B. Giacosa. Always a floral top note (rose & violet), more so in their Barbaresco but also the Baroli. Price may be an issue.

POTY for understatement.

As some have already mentioned, my first answer was Barbaresco. As I considered the question in the conrext of Barolo, examples that came to mind included Podere e Cantina’s Classico, E. Grasso Chiniera, and B. Giacosa.

But, it can depend on a number of factors, which means it’s less consistent, for me, in Barolo, than the Barbaresco wines which I find are more often tending toward floral.

I’ve just finished a tasting of all the 2016 Sottimano wines here at the farm (new F. Freres barrique is 15% these days), including an en primeuer tasting of the Basarin (a new Cru for them), and I have to say these are the wines I’d always knew were possible - utterly stunning. And, all have floral to spare, with Cotta being a minor exception - these are the finest wines I’ve ever tasted here. They are already sold out (i. e. importer reservations) for all of their 2016s - buy without hesitation.

+1 on Sottimano. Had a great visit with Andrea last year. The 2016s are indeed stunning. Super family.

I don’t usually associate leather or tobacco with nebbiolo, not do I find many “funky”, but see that you don’t care for “truffle, iron and balsamic” which is clearly in many of them. Not sure I can help you.

How quickly are you emptying your bottles?

Every bottle of Nebbiolo deserves to be followed for at least seven days, and I would strongly urge you to follow your Barolo & Barbaresco bottles for a minimum of fourteen days.

If you’re practicing Pop-N-Pour Infanticide on these wines, then you’ll never learn whether the funk might have blown off by Day 6 or Day 8, and you’ll never get a chance to experience any magic which might have lain in wait just beneath the funk.

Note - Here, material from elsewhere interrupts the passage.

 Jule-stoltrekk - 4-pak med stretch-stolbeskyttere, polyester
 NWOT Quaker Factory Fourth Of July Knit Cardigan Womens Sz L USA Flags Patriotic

PS: The corks won’t last that long [they’ll tend to shatter after three or four days], so you’ll need to invest in some rubber stoppers:

Immediately after pouring, I just shove a rubber stopper in the bottle, put the stoppered-bottle back in the bottom of the refrigerator, and let it sit there until I need to make a cold pour the next day.

I think Alessandria’s Monvigliero is very good (and I own a bunch), but it’s a far cry from Burlotto’s. I’m curious what Vietti’s Monvigliero will be like. They’re also doing whole cluster, and I only had it out of the botti, so while it was good I’m not quite sure it’ll have the same lift. But Vietti certainly know what they’re doing.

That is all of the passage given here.